From Ryan Gilbey’s Guardian 1.29.17 review of Woody Harrelson‘s Lost in London: “Even at its liveliest, cinema can only ever be a refrigerated medium, relaying images to us that were shot months, years even decades earlier. But this week there was an exception to that rule. Woody Harrelson’s directorial debut, Lost in London, was broadcast live to more than 500 cinemas in the US, and one in the UK, as it was being filmed on the streets of the capital at 2 am on Friday.
“As if that were not impressive enough, the picture was shot in a single unbroken 100-minute take with a cast of 30 (plus hundreds of extras) in 14 locations, two black cabs, one police vehicle and a VW camper van festooned with fairy lights.
“Actors who try their hand as a director typically start off with something small-scale — a sensitive coming-of-age story, say, such as Jodie Foster’s Little Man Tate or Robert De Niro’s A Bronx Tale. With Lost in London, Harrelson went as far in the opposite direction as one can imagine. This was edge-of-the-seat, seat-of-the-pants film-making. He didn’t just jump in at the deep end: he did so into shark-filled waters.”

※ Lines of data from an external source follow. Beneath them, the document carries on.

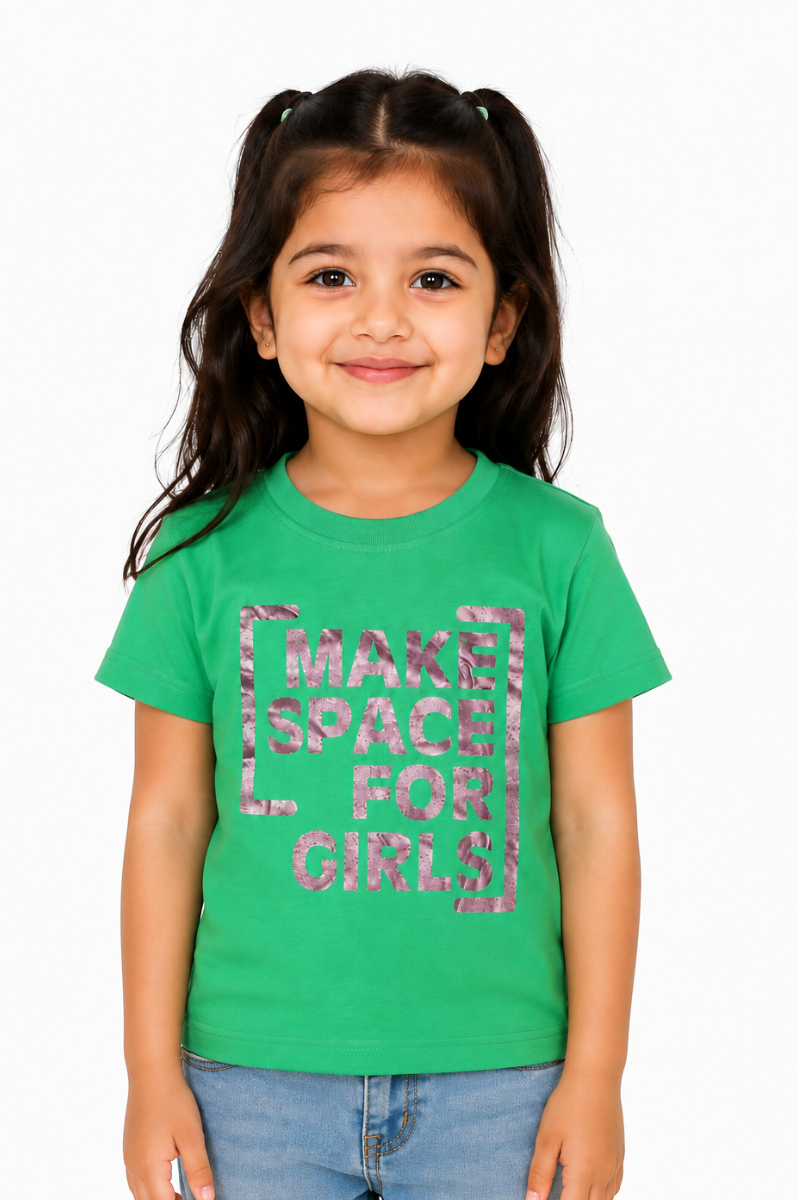 Girls Green Graphic T-Shirt – Make Space For Girls | Soft Cotton Tee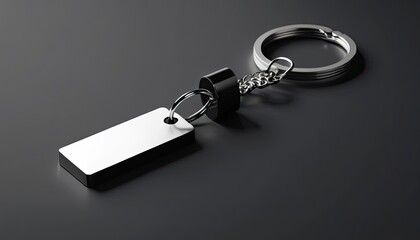 Silver key chain with a minimalist and modern design. Two blank rectangular pendants offer room for personalization. Perfect for a gift or everyday accessory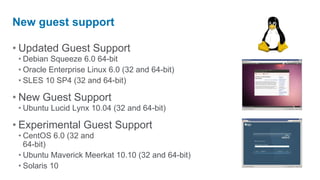 New guest support

• Updated Guest Support
 • Debian Squeeze 6.0 64-bit
 • Oracle Enterprise Linux 6.0 (32 and 64-bit)
 • SLES 10 SP4 (32 and 64-bit)

• New Guest Support
 • Ubuntu Lucid Lynx 10.04 (32 and 64-bit)

• Experimental Guest Support
 • CentOS 6.0 (32 and
   64-bit)
 • Ubuntu Maverick Meerkat 10.10 (32 and 64-bit)
 • Solaris 10
 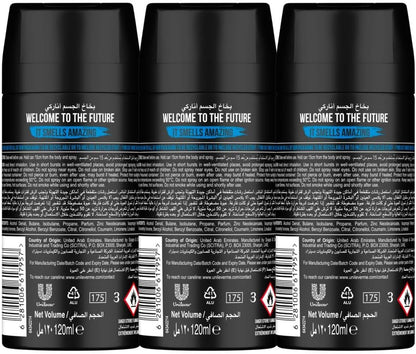 Axe Mini Men Deodorant Body Spray, Anarchy, 48 hours of irresistible fragrance, 120ml x 3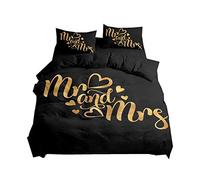 Ensemble de Literie Mr. et Mrs. Blanc Feuille Noir Marron Rose Couples Romantiques Mariage Amour Parure de Lit 2 Personnes Housse de Couette et Taie d'oreiller,Microfibre (Noir, 220 x 240 cm)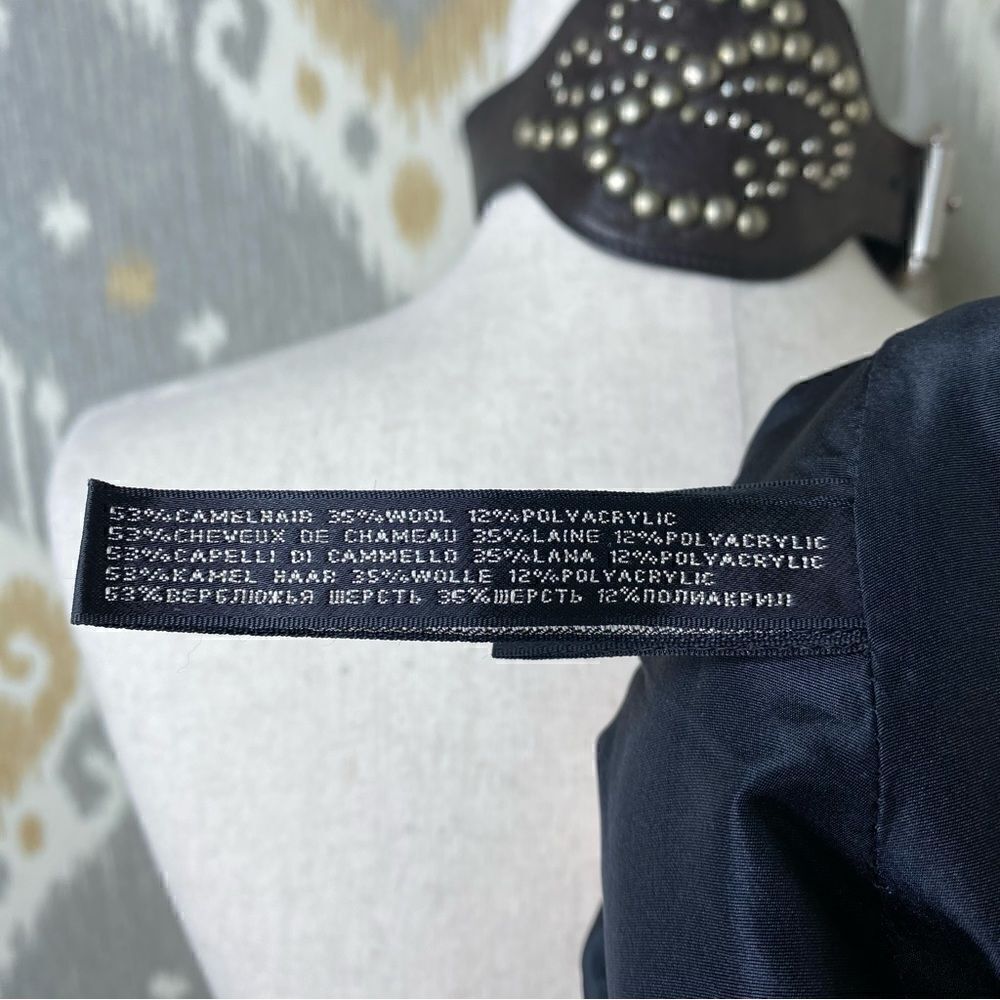 Ralph Lauren Charcoal Grey Camelhair Wool Blend Herringbone Tweed Pouf Skirt - Picture 10 of 16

From Wiki page: “The idea for Lost in London came from Harrelson’s actual experience in 2002, when he visited a Soho club called Chinawhite. He broke an ashtray in a London taxicab, which led to him being chased by police in a different taxicab, and then spending a night in jail. The film was shot and screened live in select theaters on 1.19.17, or just before Harrelson’s appearance in Sundance with Wilson. It was the first time a film was broadcast live into theaters.